ITEM 1.01                ENTRY INTO A MATERIAL DEFINITIVE AGREEEMENT

On June 6, 2013, we entered into a consulting agreement (the “Agreement”) with Morningstar Corporate Communications, an investor relations and business development consultant (the “Consultant”).  Pursuant to the terms of the Agreement, we have agreed to pay to the Consultant $2,000 cash upon the execution of the Agreement.

On June 7, 2013, we entered into a convertible promissory note with Asher Enterprises, Inc. (the “Investor”), wherein the Investor will make available to us a under convertible promissory note (the “Note”) the aggregate principal amount of $32,500, bearing simple interest of 8.0% per annum.  Any outstanding principal and accrued interest shall become due on December 7, 2014.  The terms of the Note provide the Investors with certain rights to convert all or a portion of the outstanding principal and accrued interest into fully paid and non-assessable shares of our common stock at a discount to our market price during a certain period of time in the future.


ITEM 2.03
CREATION OF A DIRECT FINANCIAL OBLIGATION OR AN OBLIGATION UNDER AN OFF-BALANCE SHEET ARRANGEMENT OF A REGISTRANT.
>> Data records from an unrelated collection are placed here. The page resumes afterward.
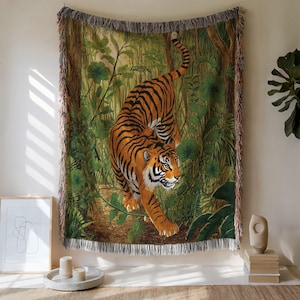 Tiger Woven Blanket: Cotton Jacquard Throw, Jungle Tapestry
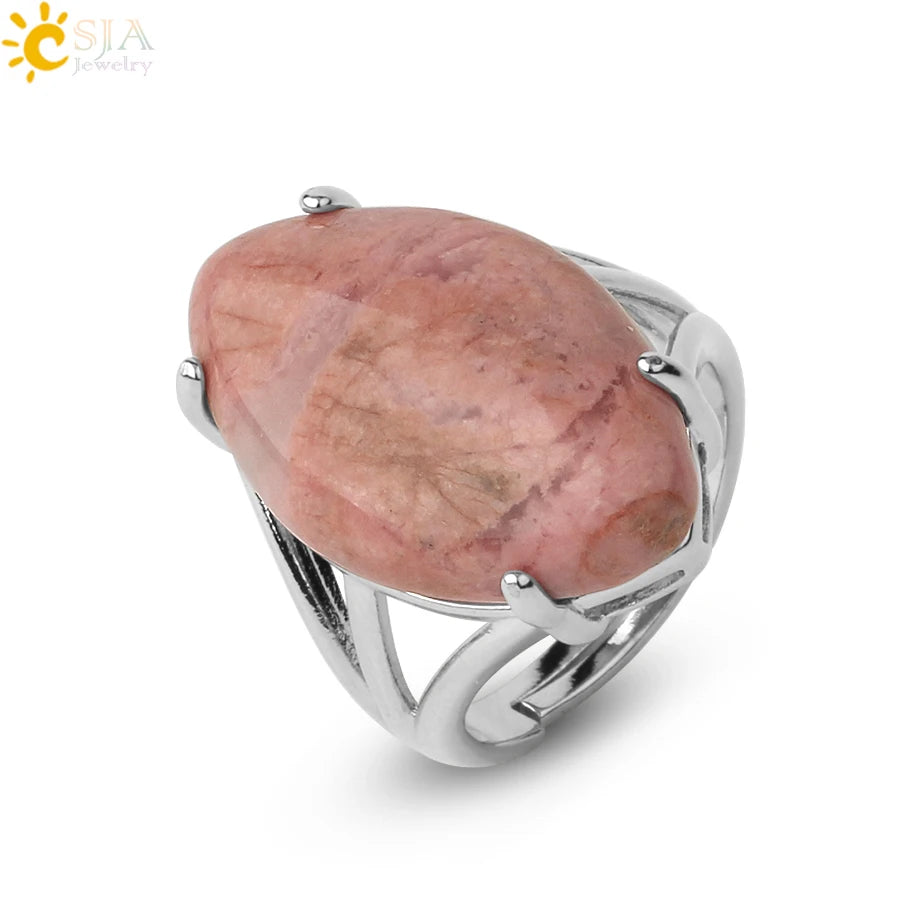 CSJA Crystal Rings Natural Stone Ring for Women Men Adjustable Healing Pink Quartz Lapis Lazuli Opal Turquoise Finger Rings G574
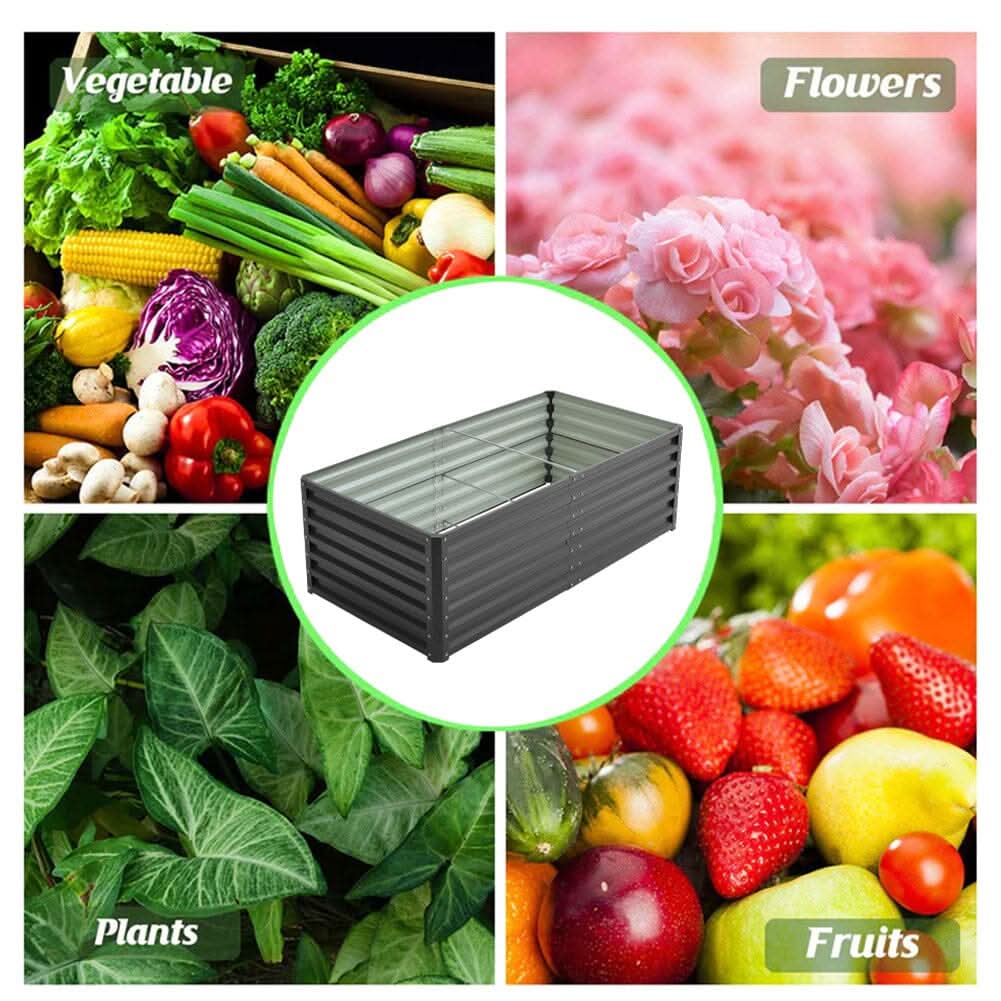 180×90×57cm Charcoal Black Rectangular Raised Garden Bed in Galvanized Steel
On June 7, 2013, we entered into a convertible promissory note with Asher Enterprises, Inc. (the “Investor”), wherein the Investor will make available to us a under convertible promissory note (the “Note”) the aggregate principal amount of $32,500, bearing simple interest of 8.0% per annum.  Any outstanding principal and accrued interest shall become due on December 7, 2014.  The terms of the Note provide the Investors with certain rights to convert all or a portion of the outstanding principal and accrued interest into fully paid and non-assessable shares of our common stock at a discount to our market price during a certain period of time in the future.


ITEM 7.01               REGULATION FD DISCLOSURE.

On June 14, 2013, we announced via a press release that we engaged Morningstar Corporate Communications as an investor relations and business development consultant, and that we entered into a separate financing agreement with the Investors.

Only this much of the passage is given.